To ensure that a rapidly moving satellite can be photographed at several points in its orbit during a single pass through the region visible to the observation station, the camera is usually supported by a three- or four-axis mounting (seeTELESCOPE MOUNTING). The camera can be moved from one position to another by rotation about one of the axes. A three-axis mounting permits the apparent path of the satellite to be approximated by a great circle of the celestial sphere. In this case, the first and second axes constitute an altazimuth or equatorial mounting and are used to orient the third axis toward the pole of the approximating great circle. The camera rotates about the third axis. In the four-axis mounting, the fourth axis permits the optical axis of the camera to be directed nonperpendicularly to the third axis and thus makes possible a more accurate approximation of the apparent path of the satellite by a small circle of the celestial sphere.

Since most artificial satellites are faint objects and their image in the focal plane of a fixed camera moves rapidly, the luminous energy from a satellite is usually insufficient to produce on the photographic emulsion a blackened area whose position can be measured. For this reason, many cameras are provided with devices that compensate for the motion of the satellite image relative to the emulsion; as a result, the effective exposure time is increased. Such compensation can be carried either by slowly turning the entire camera to follow the satellite during the exposure or by moving the photographic plate or film at the same speed that the image of the satellite moves in the focal plane.

The satellite photographs obtained with the cameras depict individual positions of the satellite against the stellar background in the form of points or short lines. Through measurements of the photographs, the direction of the satellite can be determined to within 1” at moments in time that can be registered with an accuracy of approximately 1 millisecond.

One of the first satellite-tracking cameras was the Baker-Nunn camera. It was designed in the USA in 1957 and has been used by the Smithsonian Astrophysical Observatory for global research in satellite geodesy.

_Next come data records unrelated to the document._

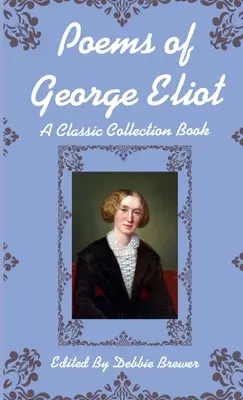 Gedichte von George Eliot, Ein klassisches Sammelbuch - Poems of George Eliot, A Classic Collection Book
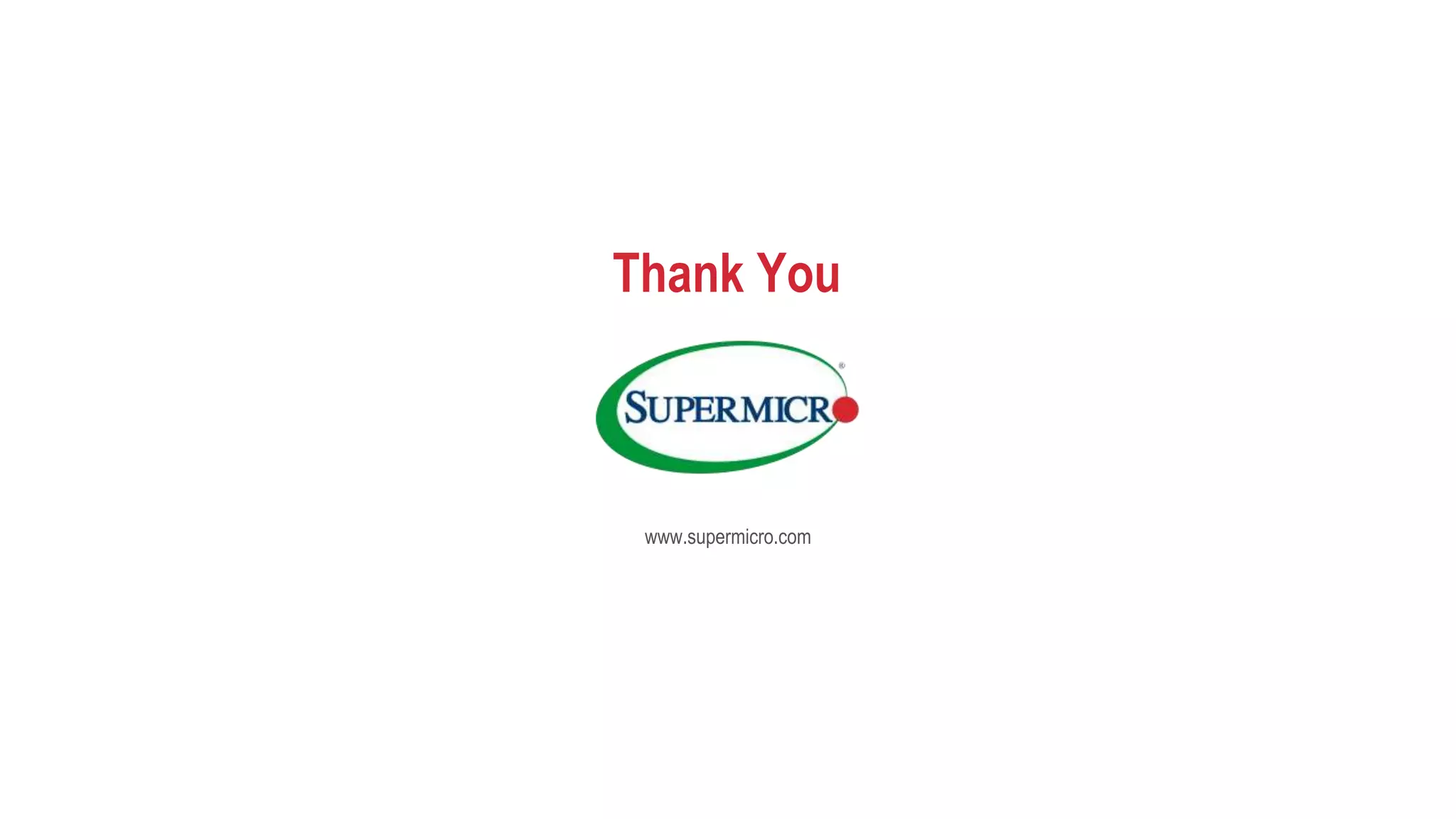 www.supermicro.com
Thank You
 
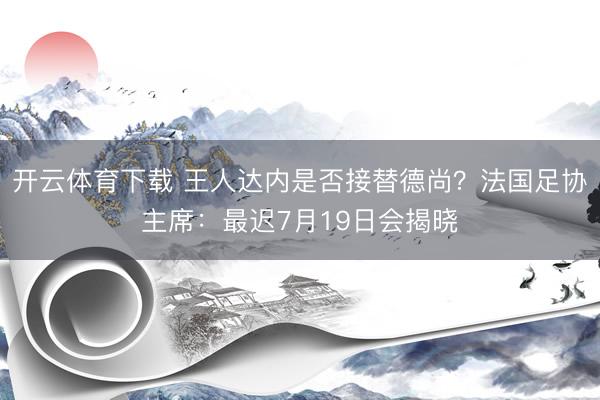开云体育下载 王人达内是否接替德尚？法国足协主席：最迟7月19日会揭晓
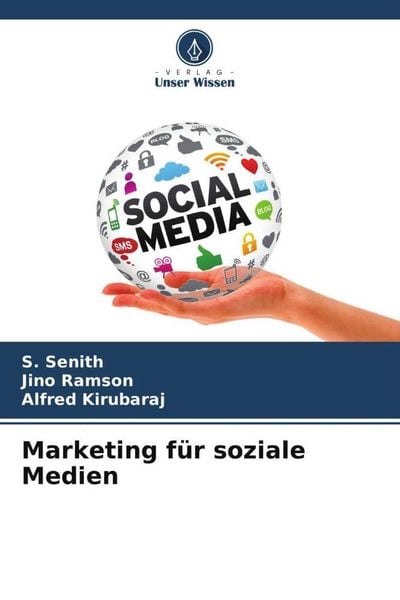 Marketing für soziale Medien, Taschenbuch von S. Senith , Jino Ramson , Alfred Kirubaraj, Verlag Unser Wissen, 9786205837900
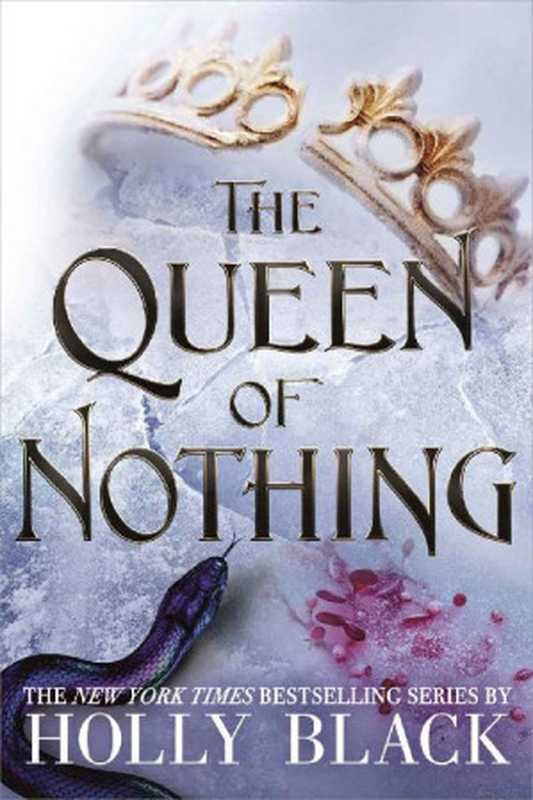 The Queen of Nothing (The Folk of the Air Book 3)（Holly Black [Black， Holly]）（Bonnier Publishing Fiction 2019）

In the USSR, the AFU-75 automatic satellite tracking camera has been used in geodetic and geophysical research involving the observation of satellites. The AFU-75 has a four-axis mounting, a mechanism for moving the photographic film in order to observe faint satellites, and an equatorial platform. The equatorial platform is a mechanism that, during the exposure, rotates the camera in a simulation of its rotation about the polar axis. This motion is necessary if the images of the stars are to appear as points on the film. The camera is equipped with a lens whose diameter is 210 mm and whose focal length is 736 mm. AFU-75 satellite cameras have been installed in photographic-observation stations in the USSR and in many foreign countries, where they are used in scientific programs sponsored by the Academy of Sciences of the USSR.

The largest satellite-tracking camera in the USSR is the automatic VAU. It uses a three-axis mounting and has a catadioptric objective that was developed under the direction of D. D. Mak-sutov. The mirror is 1,070 mm in diameter and has a focal length of 700 mm. In accordance with a predetermined program, the camera is automatically shifted from one orientation to another. Faint objects are observed by rotating the camera about the third axis at speeds ranging from 0” to 6,000” per second.

Satellite-tracking cameras of various designs have been developed in the USA, France, Great Britain, the German Democratic Republic, the Federal Republic of Germany, and other countries.